Distributor wasn't available
Incident Report for Mews
Postmortem

Cause

Our web products code is structured in a way that allows us easily to share a lot of common code in between them. However, this setup means that any change in the shared code has to trigger a new version release of any dependent product too, which was exactly this case.

The offending code initially consisted of a change in Commander and rather small addition of new code into one of our shared modules. The addition triggered also a new version release in Distributor, however when processed by the build configuration of Distributor, it introduced a fatal error into its startup code (concretely error lied in code minifier removing a specific function name, which was however relied upon by rest of the code).

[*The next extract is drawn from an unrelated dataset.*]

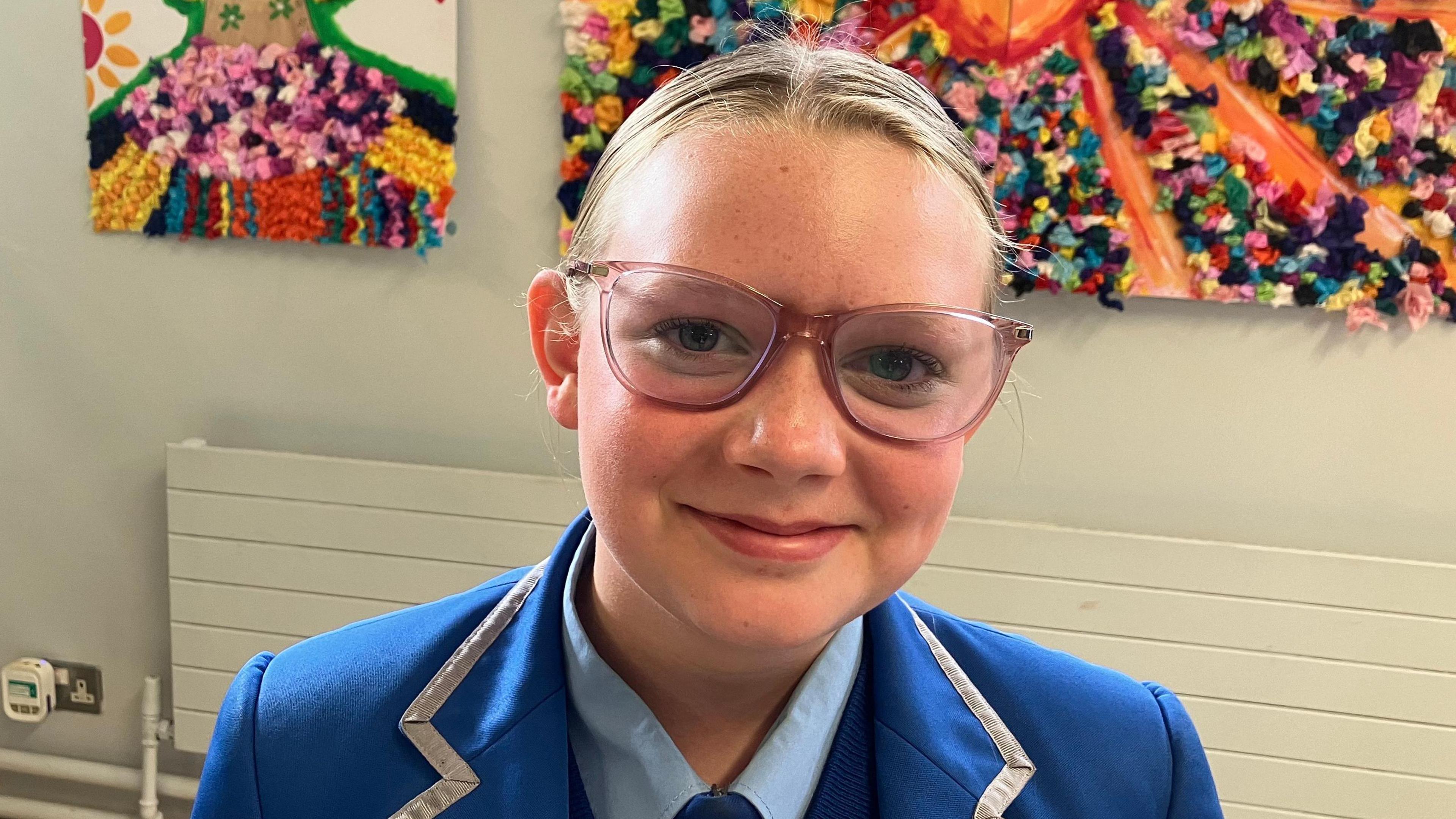 A schoolgirl is smiling into the camera. Her uniform is blue. She's wearing glasses. Art is hangin on the walls behind her.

Because of how the development task was originally tied to Commander, the Distributor issue was quite unfortunetaly missed by our QA team and slipped to production unnoticed.

Solution

  • Re-enable automatic end-to-end tests during build. Such a complete failure of Distributor could have been prevented by them. We already have automatic end-to-end tests in place, however they're not currently runned because of technical issue (they cause our build server to hang, i.e. it waits forever for those tests to be reported as finished). The issue has already been identified, but the fix consists of multiple changes in our configurations in multiple steps, and has not been finished yet. The priority has been increased and the tests will be reenabled as soon as possible.

  • Set up automatic notifier about which products will be released by a concrete code. We already identify all affected products during a build of the code and we can easily propagate this information back to our QA team so that they can ensure neither of affected product is broken before it's released to production.

  • Research possibilities of automatic notification of fatal failures. Because of how the error was introduced in a Distributor startup code, none of regular error reporting was initialized yet and thus couldn't reported back to us. This has prolonged the reaction time unnecessarily and we believe it could be mitigated in a future.

  • Write down a guide to the process of resolving fatal errors in production. Thanks to recent improvements in our deployment configuration, it is possible for us to revert to previous version of application in matter of seconds, and thus making the time to fix after identification effectively instant. Unfortunetaly, this was not the case and fix was deployed by regular means, i.e. by producing a new version with the offending code removed, which additionally prolonged the time to fix. By making the knowledge more exposed as part of written down process, it will hopefully be used next time to stretch down the time to fix.

Posted May 21, 2019 - 10:34 CEST

Resolved
Approximately at 11:45 CET we have deployed a code that introduced a fatal error in Distributor, preventing it from loading.

The issue was identified immediately after and steps were taken to remove the offending code from production. The fix had been deployed at approximately 13:30 CET.
Posted May 20, 2019 - 11:45 CEST